The Federally Administered Tribal Areas of Pakistan (better known by its acronym FATA) had been created in 1849 to serve as a buffer between British India and Afghanistan, while Afghanistan itself was being softened through invasions, coercion, subsidies and diplomacy to keep Czarist Russia at bay. Having entered into a joint agreement with the Afghan Emir for the demarcation of the international border, the British also managed to persuade Russia to follow suit, resulting thereby in bifurcating the Pashtun tribes on the British side and the Turkmen, Uzbek and Tajik Territories on the Russian side of the demarcated Afghan border.

And so life went on till the events leading to the independence of India and Pakistan as two separate states in mid-August 1947 reignited Afghanistan’s passions and ambitions. While it had willingly acquiesced to the Durand Line as a de jure and de facto border between Afghanistan and British India in 1893, reconfirming it during the Anglo-Afghan Pact of 1905 and the Rawalpindi Pact of 1919, Afghanistan viewed the departure of the British as an opportunity to extend its territory till the banks of the river Indus, a throwback to the glory days of Ahmad Shah Abdali, who, on founding the Kingdom of Afghanistan in 1747, had expanded it this far west through conquests. A number of historical antecedents were however conveniently ignored whilst pursuing this agenda. First and foremost, prior to 1747, Eastern Afghanistan formed part of India’s Mughal Empire, while the rest was under control of the Safavids of Iran. Afghanistan as a Kingdom had again fragmented after the death of its founder in 1773 into tribes and city states. By the 1820s, the Lahore-based Sikh empire of Ranjit Singh had reversed the Abdali gains and even brought some areas of present day Afghanistan under its sway.
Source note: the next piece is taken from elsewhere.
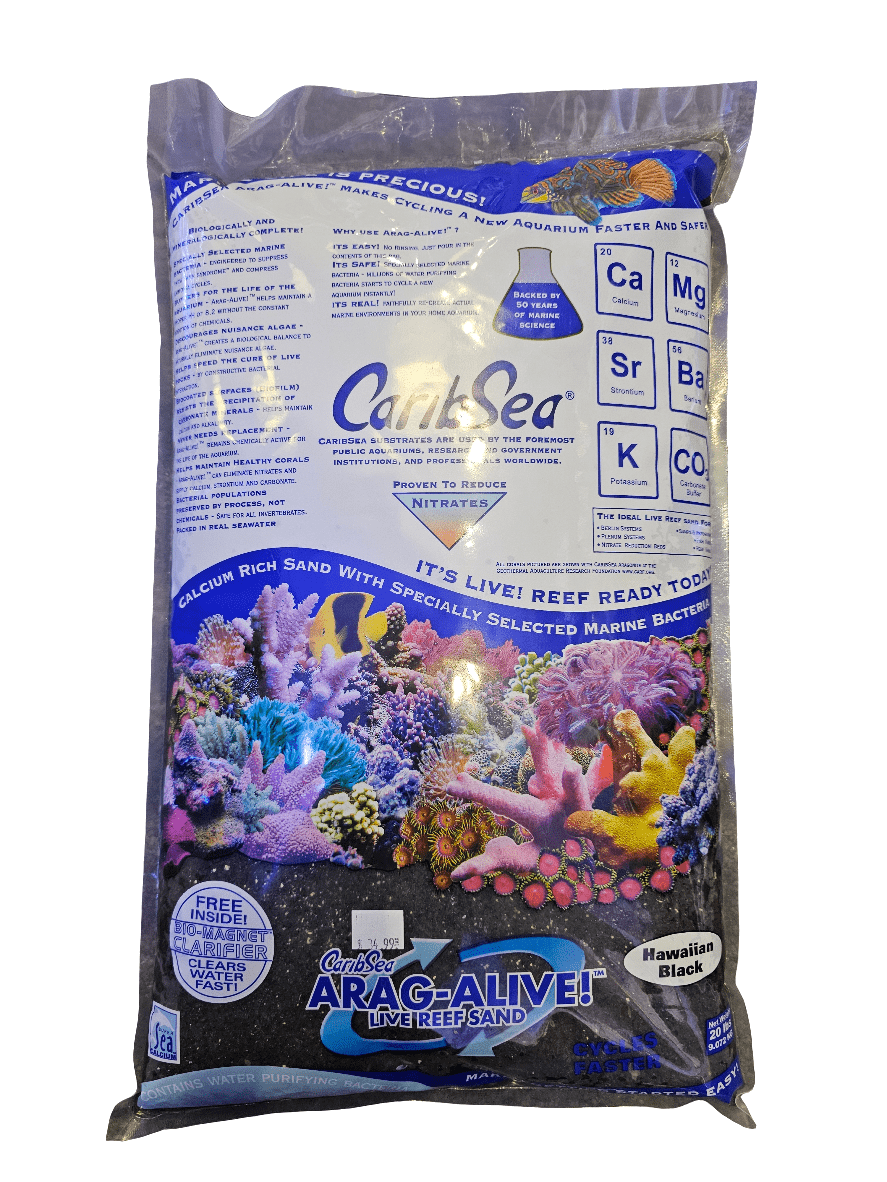 A 20-pound bag of Caribsea - Arag Alive - Hawaiian Black showcases vibrant marine imagery and highlights its calcium-rich sand combined with beneficial marine bacteria to promote rapid aquarium cycling.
As the successor state to Ranjit Singh’s empire, British India’s unease about the territorial ambitions of Imperial Russia caused it to recognise Afghanistan as an emirate and formalise the border painstakingly drawn up by a British diplomat Sir Mortimer Durand and the Afghan Emir Abdur Rahman Khan.

The Anglo-Afghan treaty of 1919, also referred to as the Rawalpindi Pact, signed after the third inconclusive Afghan war, resulted in Britain creating a new administrative unit, which it aptly termed as the North West Frontier Province. For ease of governance, the tribal areas, which also then included the princely states of Dir and Swat, were divided into political agencies, each administered by a Political Agent, whose immense devolved power was exercised through local Maliks, carefully chosen on the strength of their loyalty to the crown. While ostensibly displaying respect to Pashtun tradition by allowing trials by jirga(a jury of local influentials), the Frontier Crimes Regulation Act, allowing for massive collective retribution, was also brutally enforced to snuff out the slightest sign of rebellion.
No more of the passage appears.